Kindness Creates Space for Flow
Kindness creates space for flow in a number of ways. First, it makes us feel good to help others. Next, kindness is contagious. It causes a ripple to go from a recipient to recipient. So, we may think we are only helping one person, but in reality the chain reaction goes far beyond anything we can imagine. Finally, performing random acts of kindness (RAKs) enables us to practice being conduits of flow. The more we give without expectation, the more we are open to receive.
Care Moves Beyond Valentine’s Day
In her new book, It’s Not Your Money: How to Live Fully from Diving Abundance, Tosha Silver discusses becoming a source of kindness. She writes: You have to want to let God use you to give. You have to want to be part of the Flow, not only financially, but in every way. There are many ways to give. In turn, it allows us to receive in countless ways, too. Flow is a major theme of all of Silver’s books, seminars, and teachings. To learn more about her offerings, see her website: https://toshasilver.com/
As a former Girl Scout leader, I had the troops craft and deliver valentines to the folks at the Soldiers and Sailors Home where we lived. The veterans were so touched that these youngsters would make them cards and spend time chatting with them. Then, the girls voted to expand the card making and delivery project to include Veteran’s Day, too. The supplies for the craft were simple. And, so were the messages, including Happy Valentine’s Day! and Thank you for serving!

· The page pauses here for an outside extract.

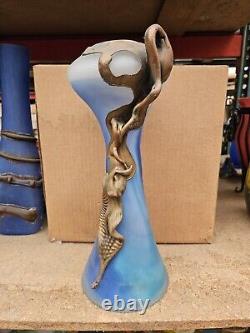 French Art Deco Style Blown Glass Blue/yellow Vase Metal Coated #2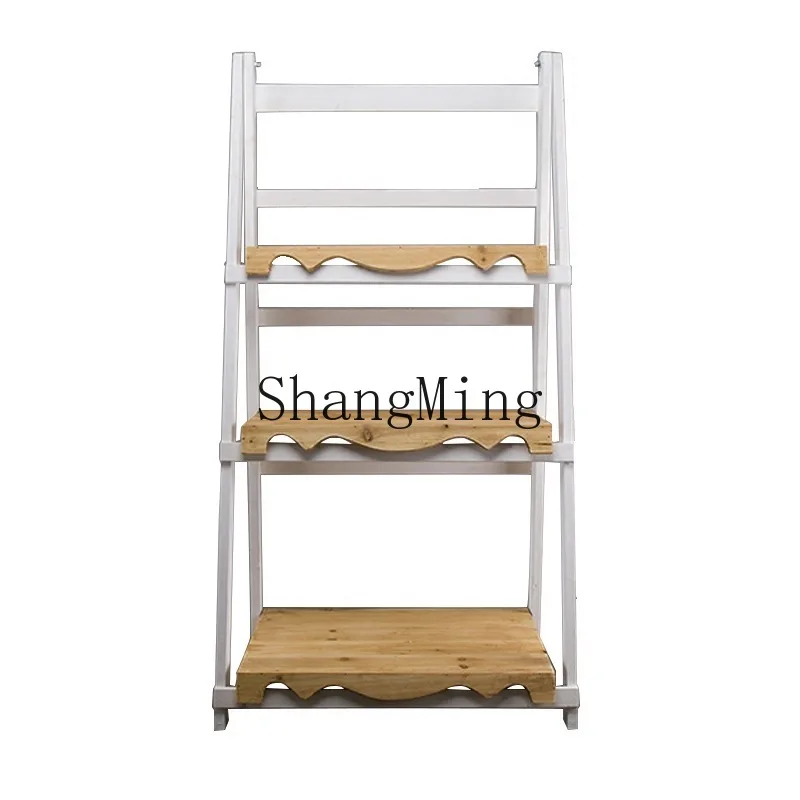 ZYY retro trapezoidal multi-layer solid wood flower stand balcony living room floor ladder succulent plant flower table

Take a clue from Glinda, the Good Witch of the North in the Land of Oz. Get out your (invisible) magic wand and create kindness wherever you go. Find ways to ensure others of their own talents, gifts, and/or goodness. Call or visit an elderly relative. Share a plate of cookies – or a box of Girl Scout Trefoils – with a new neighbor. Let someone go ahead of you in line at the grocery store. Hold the door open for a mother with young children. You get the idea. Go for the Girl Scout motto: Turn a good dead daily! And, then for a moment feel the warm sense of flow that floods your heart. At the end of the day, take 15 minutes to journal about the experience. Consider some of these questions as you write: Who did you help? How did they react to your kindness? When will you take time to do RAKs again? Hopefully soon!